The bullying problem in NYC and other areas of the world is continuously rising. It’s also one of the biggest threats towards creating a safe and welcoming school environment for students. As parents, you’re the first people kids should feel comfortable with talking about their lives, especially when it’s about bullying. Thus, make sure you build a safe space for your child and allow them to open up about their experiences.
Whenever they talk about being bullied, never scold them or embarrass them for not standing up for themselves. Getting an emotional reaction from you will only discourage them from sharing any more details with you in the future. And the more they keep the bullying situation to themselves, the less likely you’ll be able to protect them. Instead, calmly ask your child questions while you gather as many details as you can. You can use these details later on if the bullying is severe and requires legal action.
After your child has opened up to you, make sure you praise and applaud them for their courage in telling you about it. This type of safe and comfortable communication will help you protect your child from more bullying in the future, and at the same time, strengthen your relationship with your child.
The less time your child is exposed to bullies, the less likely they’ll be bullied, so encourage your child to avoid the bullies as much as possible. For example, if bullying often happens in the cafeteria, advise them to eat lunch at a different table and sit with their friends. The bullies won’t be able to attack or harass your child when they’re with their friends and when they don’t see each other often. If they’re often bullied inside the bus, pick them up after school to prevent them from riding the bus.
Meanwhile, if the bullying happens on social media (cyberbullying), advise them to block the person on social media. It’s also recommended to closely monitor your child’s social media engagement so you can put their account on hold when the bullying becomes severe.
One thing that motivates bullies to keep doing what they’re doing is the child’s reaction. They like it best when their target gets mad, frustrated, whiny, or upset. These reactions make them feel powerful and in control over the victim’s emotions. Therefore, teach your child about holding out their response whenever a bully tries to provoke or test their patience.
You can practice some role-play scenarios at home wherein you act as the bully while you watch your child come up with their responses.
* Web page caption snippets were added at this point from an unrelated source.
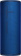 Картинка Колонка порт. Logitech Ultimate Ears MEGABOOM 3 синий 30W 1.0 BT (984-001404) от магазина РЭССИ Колонка порт. Logitech Ultimate Ears MEGABOOM 3 синий 30W 1.0 BT (984-001404) от магазина РЭССИ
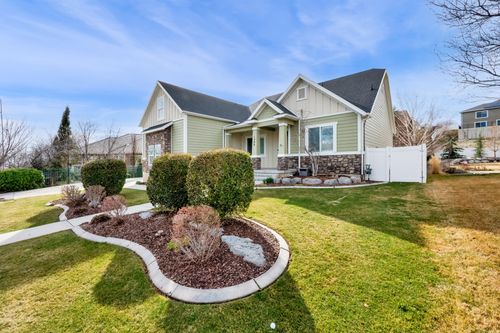 1309 N 200 E, American Fork, UT, 84003-1312 | Card Image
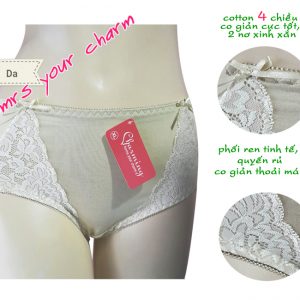 do-lot-nu-quan-lung-cao-charming-da-01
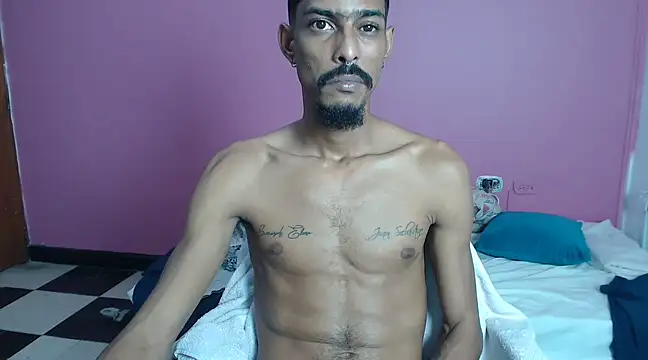 Snapshot of Albertwd420 chatting on 02/20/25, 12:41 Albertwd420 online show from 02/20/25, 12:41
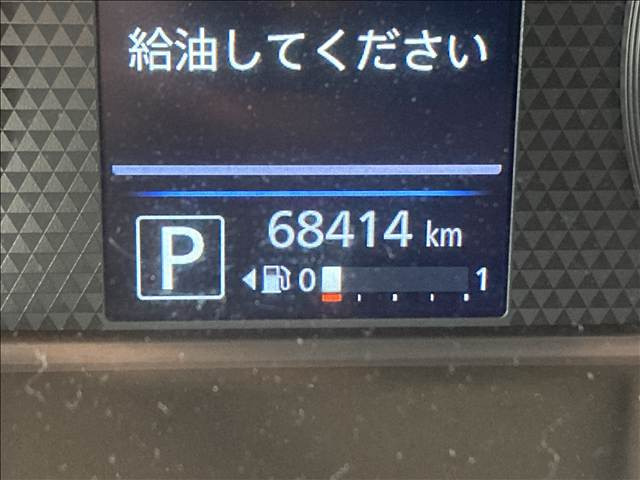 ����O�ҋ@�֊Ӓ菑�t���y�X�}�C���̍݌ɂ͑�O�ҋ@�ւ̌����ɂ����ďC���𔻒���s���Ă���܂�!���Ԃ̏�ԓ��ŋC�ɂȂ邱�Ƃ��������܂����炨�C�y�ɂ��₢���킹��������!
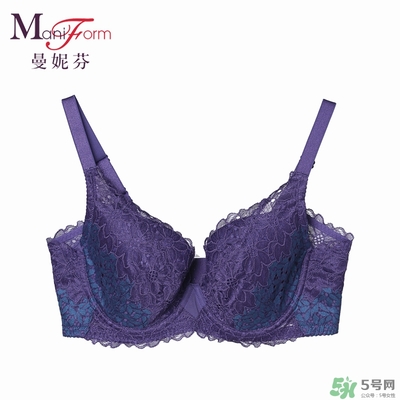 曼妮芬內(nèi)衣怎么樣？曼妮芬內(nèi)衣價格及圖片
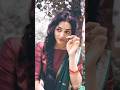 Preity Mukhundhan Hot Look In Saree Preity Mukhundhan Bold Look In Saree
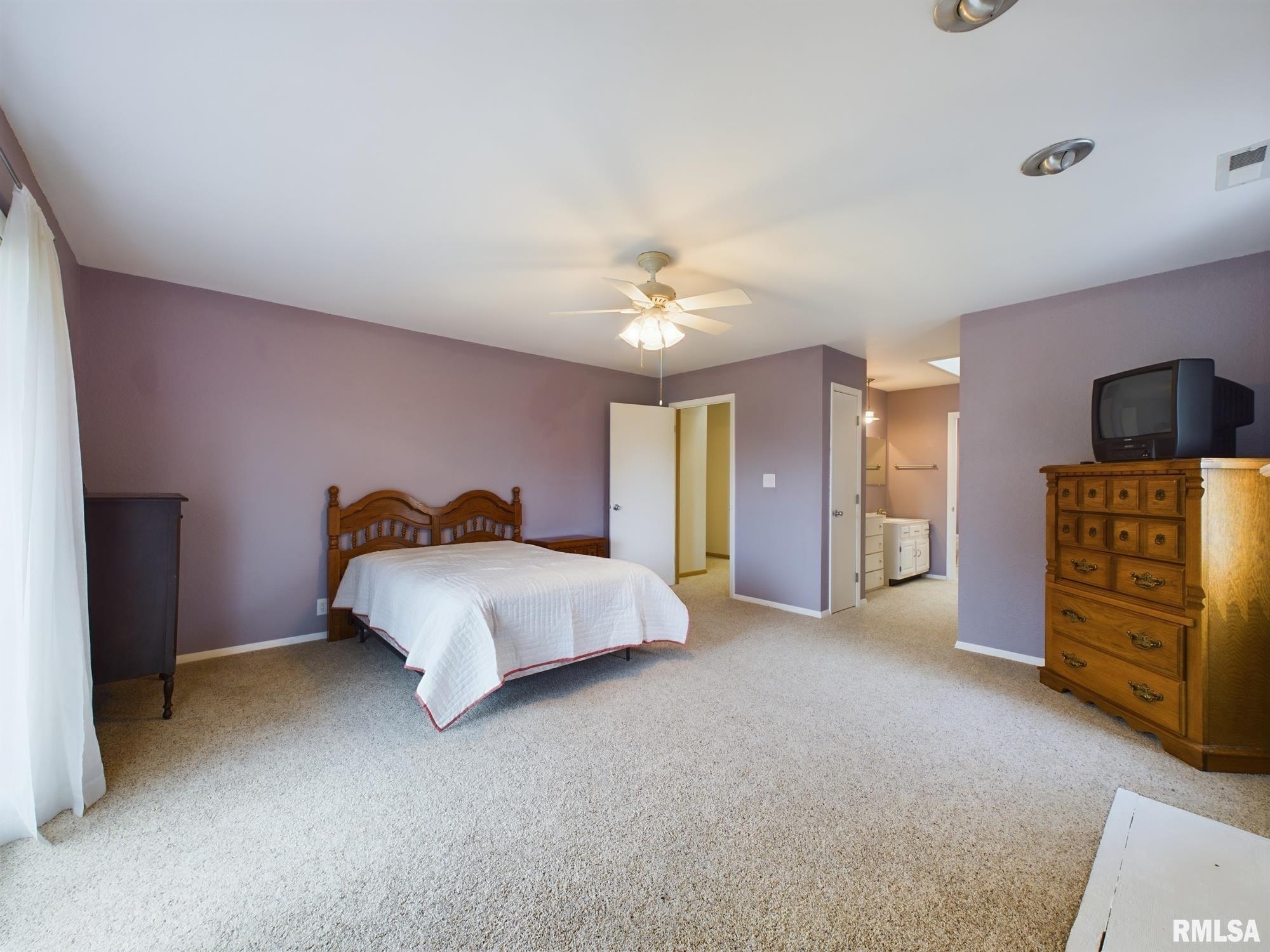 7936 Gooseberry Hill Drive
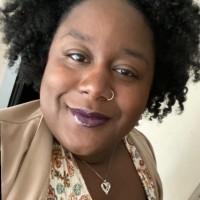 Shalonda Reaves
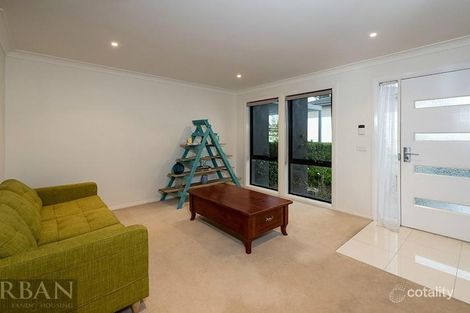 55/47 Camellia Ave, Glenmore Park, NSW 2745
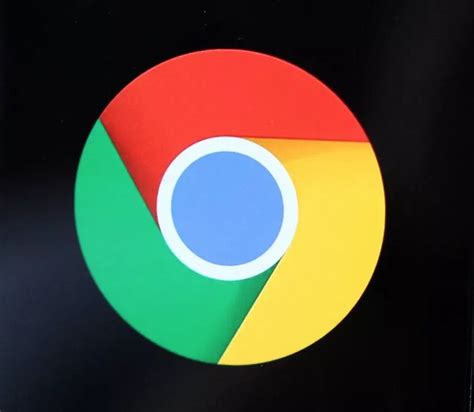 Google is using this approach to test dark mode for chrome on windows 10 and the company hasn't shared regarding possible timeframe when it plans to hey everyone, i can confirm that we are rolling out this feature to a small number of chrome m74 users now, and that it will become more widely. Tipp: Chrome for Android Version 74 - Dark Mode per Flag ...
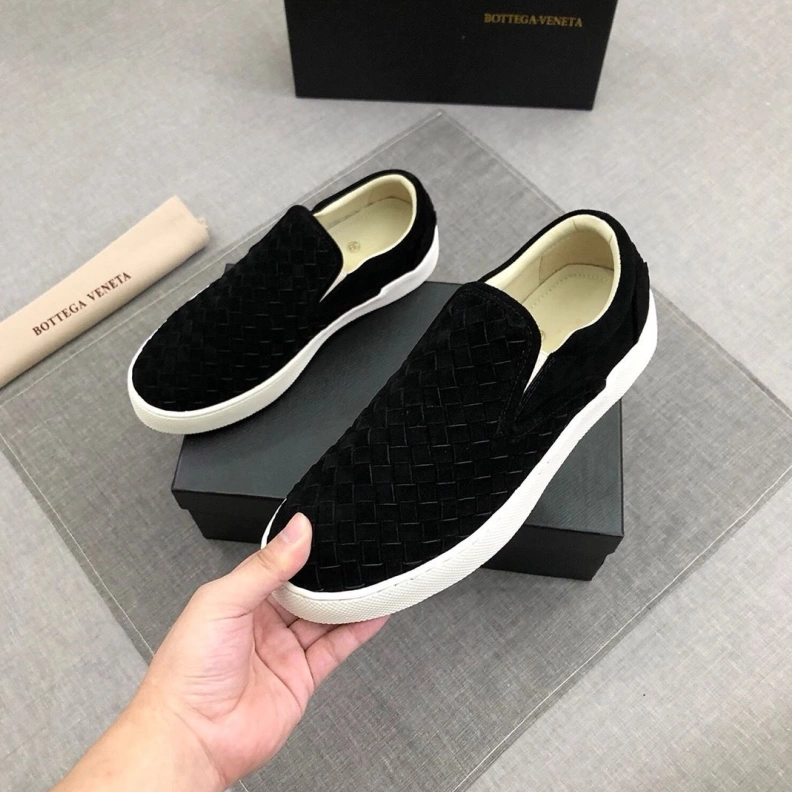 Othxr Sneakers Efficient 211673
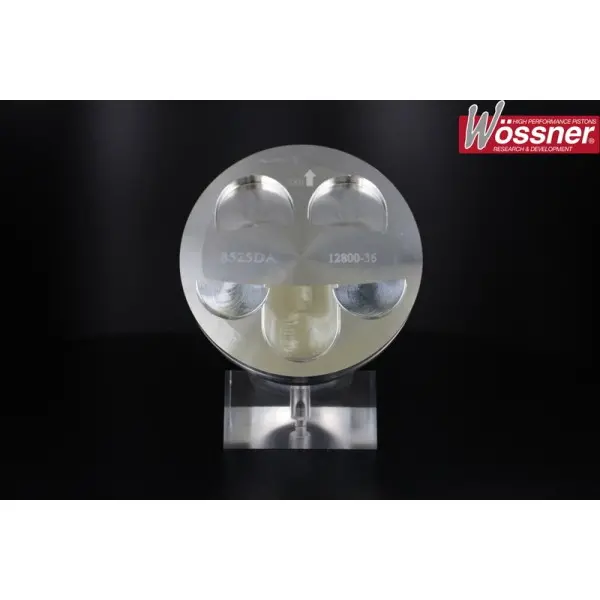 Piston WÖSSNER Forgé - 8525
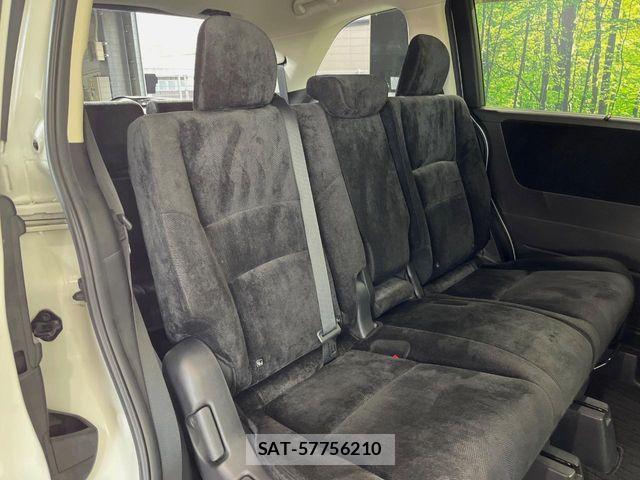 Honda ODYSSEY 2018-06 7963202-8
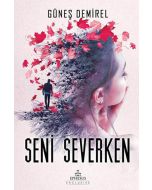 Seni Severken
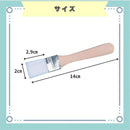 ffff200660037fff7fff7fff7fe17607727f637f77ff7fff7fff7fff7fff3fffb39380938200000082970d0082000000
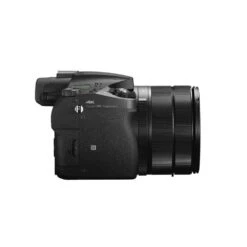 Sony RX10 IV Camera -Camera Gear Store DSCRX10M4 CEH 5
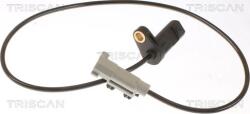 Triscan Control al dinamicii de rulare Triscan 8180 80202 (TRISCAN818080202)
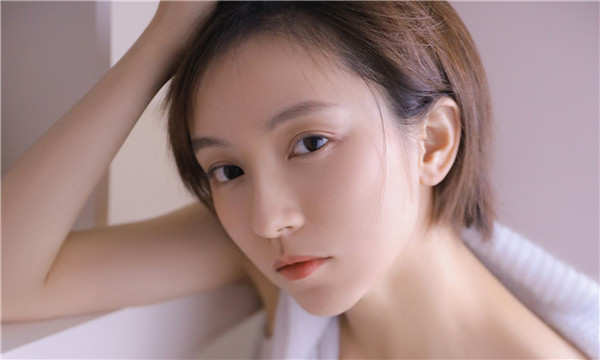 衡水【三代试管生子助孕机构：助您轻松拥有自己的孩子】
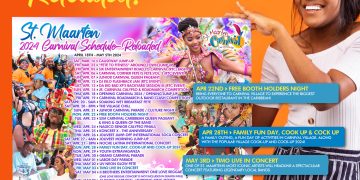 SCDF se vuelve totalmente local con sus programas de reemplazo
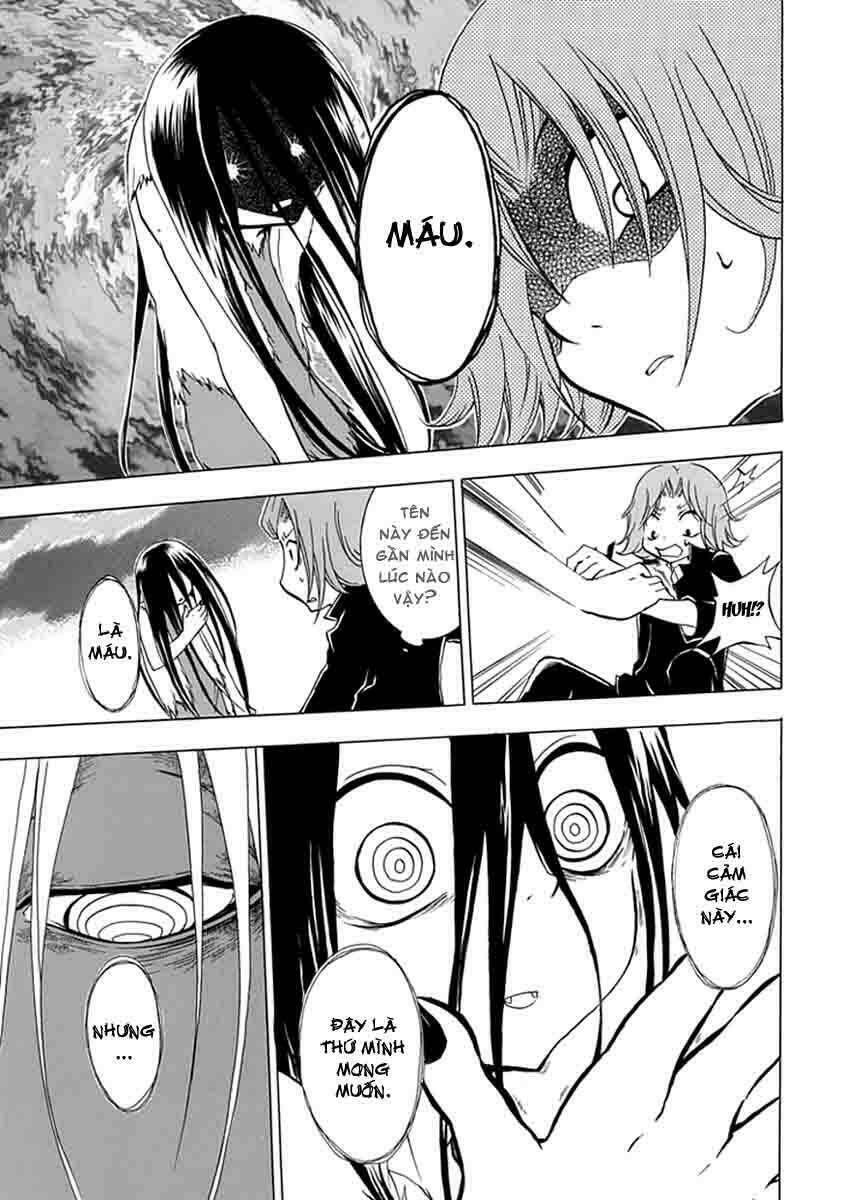 en passant chapter 3 29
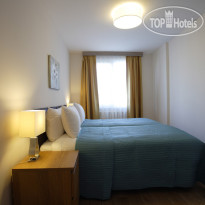 Home Stay Home Valikonagi 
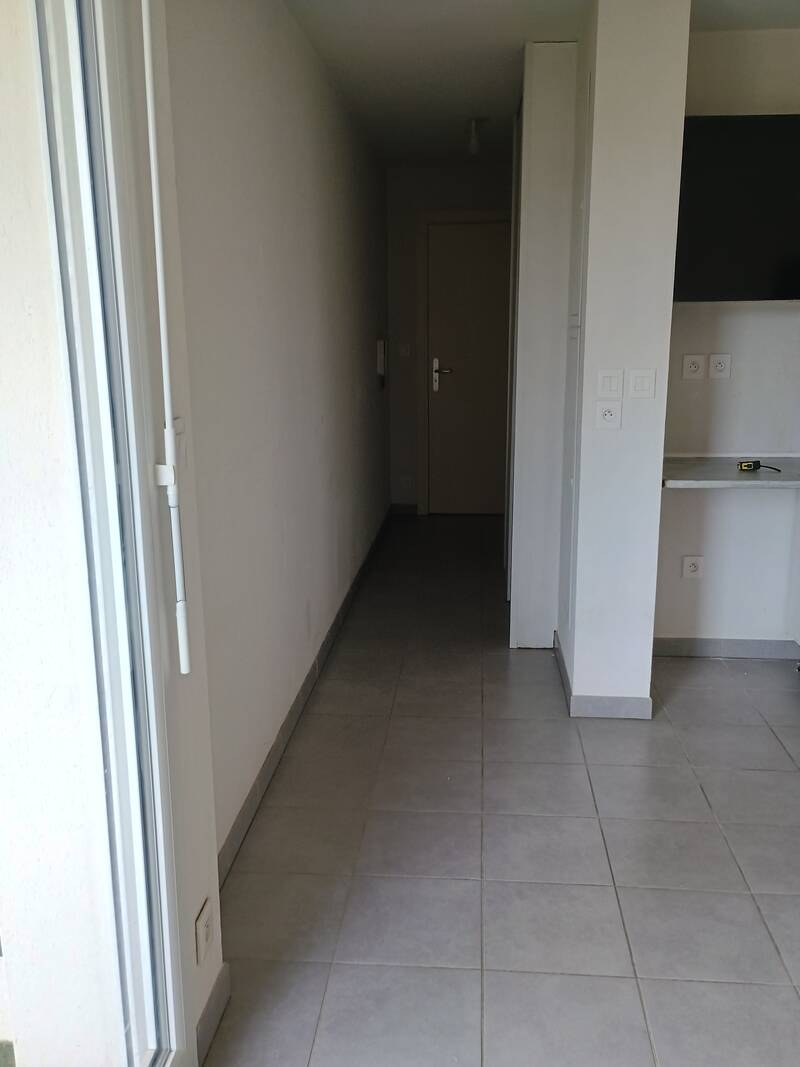 Blagnac (31700)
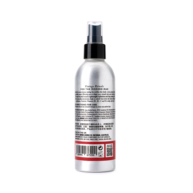 CLAY-EFFECT-HAIRSPRAY-2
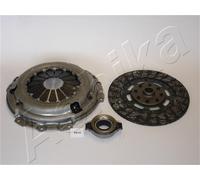 ASHIKA 92-01-1013 Kit frizione per NISSAN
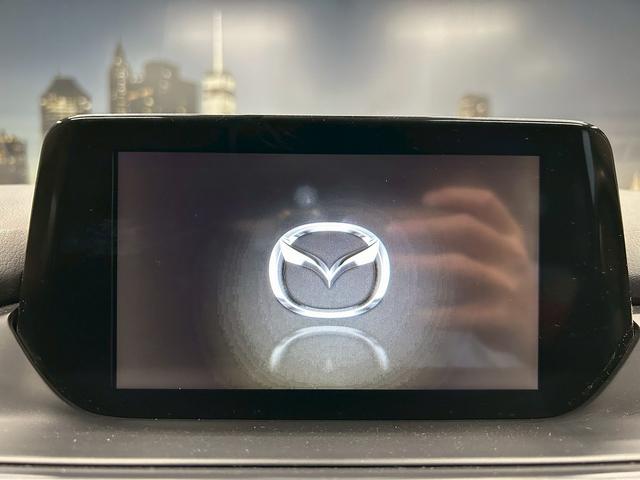 アテンザワゴン ＸＤ　プロアクティブ　（禁煙車）（後期型）（レーダークルーズ）（メーカーＳＤナビ）（ルーフレール）（フルフラット）（パドルシフト）（クリアランスソナー）（ＨＵＤ）（衝突軽減ブレーキ）（ＥＴＣ）（純正１９インチＡＷ）（6枚目）
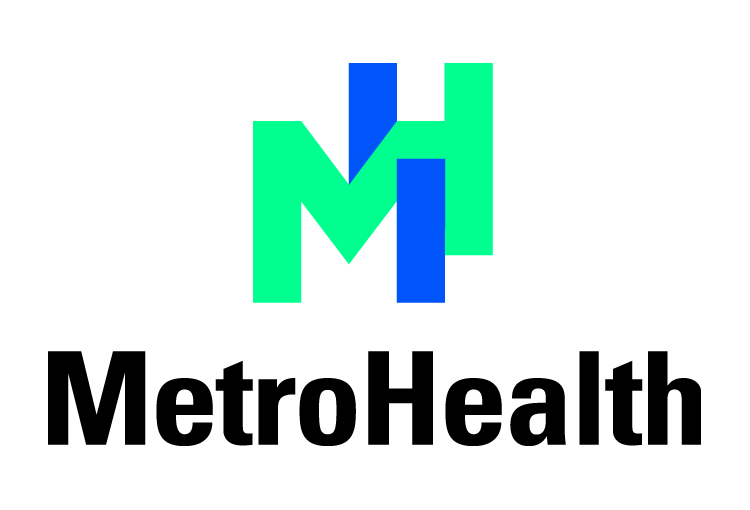 MetroHealth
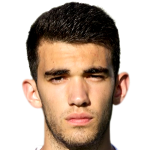 David Simoes profile photo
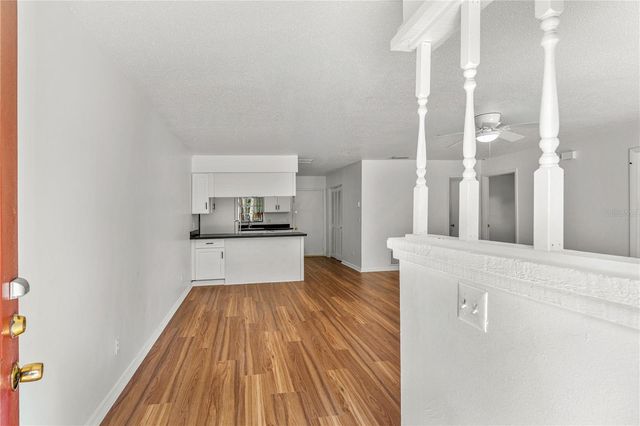 2304 INDIA PALM DRIVE, Edgewater, FL 32141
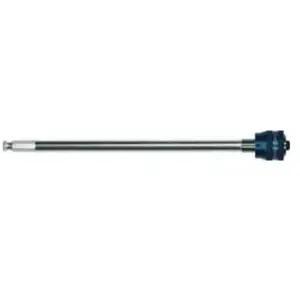 Comparateur de prix : Accessories 2608594263 Porte-embout pour scie-cloche 1 pc(s) - Bosch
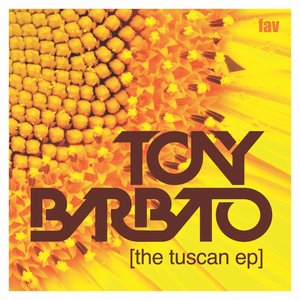The Tuscan EP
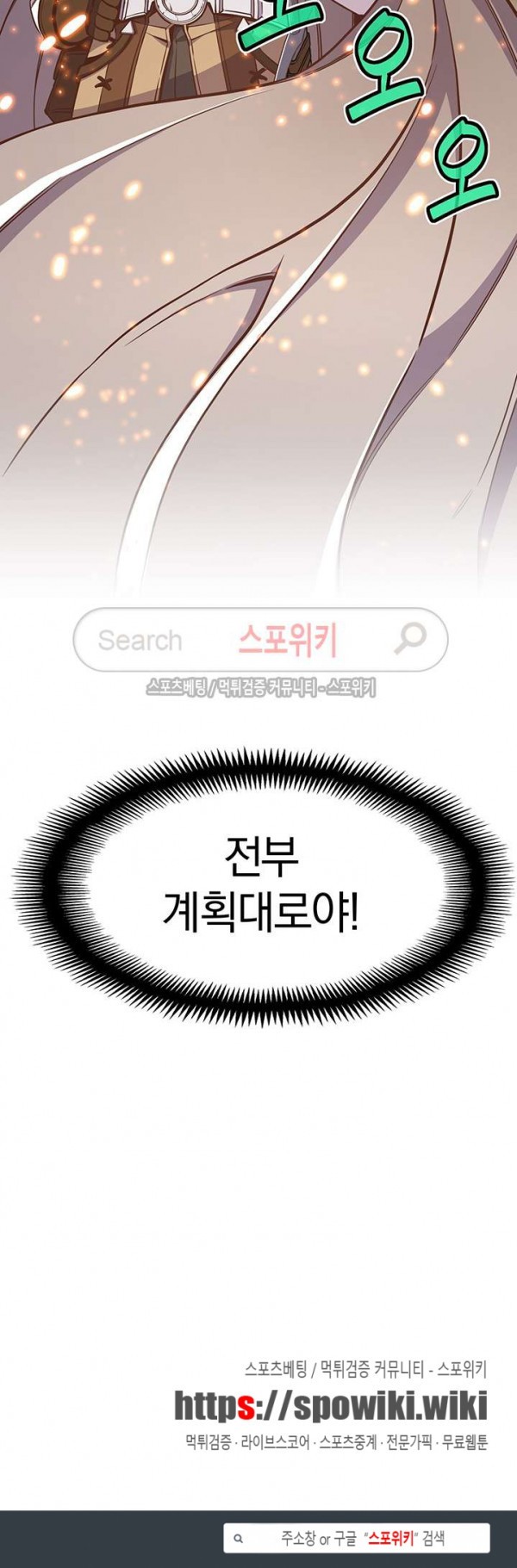 15734840202253.jpg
Train them to avoid showing any facial reaction (e.g., crying, looking red, smiling). Furthermore, discourage them from laughing or smiling with the bully as this will only provoke the bully to physically harm them. Repeat these role-playing practices until your child is confident enough to handle and avoid bullies on their own and avoid causing a scene.
Bullying should be normalized in society. It’s not a life phase that usually comes and goes since bullying can still happen anytime, anywhere, and at any age. Thus, remind your child to approach authority and get help when necessary. You can teach them to report to their teacher or guidance counselor whenever they’re attacked or harassed.
Better yet, tell them to contact you right away when bullying occurs. The earlier they ask for help, the easier it’ll be for you and the authorities to intervene and avoid more bullying scenarios in the future.
Often, bullies love to target kids with mental health issues or low self-esteem and confidence. That’s because children with no self-confidence also tend to be intimidated to get help or report back to their parents or teachers when they’re bullied. By building your child’s confidence and reinforcing their good behaviors, they’ll grow up to be independent and confident individuals capable of standing up to bullies.
So, help your child build up their confidence by encouraging them to join extracurricular activities, promoting socialization and healthy connections, and honoring them about their strengths and good qualities. Every bullying situation may seem different, but your child can surely handle anything when they have the confidence and poise to shut down any bully that comes their way.
Bullying is still an ongoing social issue, and it’s not likely going away easily. Thus, the best protection you can do for your children is to teach them how to handle bullying in the safest and healthiest way possible. Most importantly, remind your child that you’ll always be available whenever they need your back.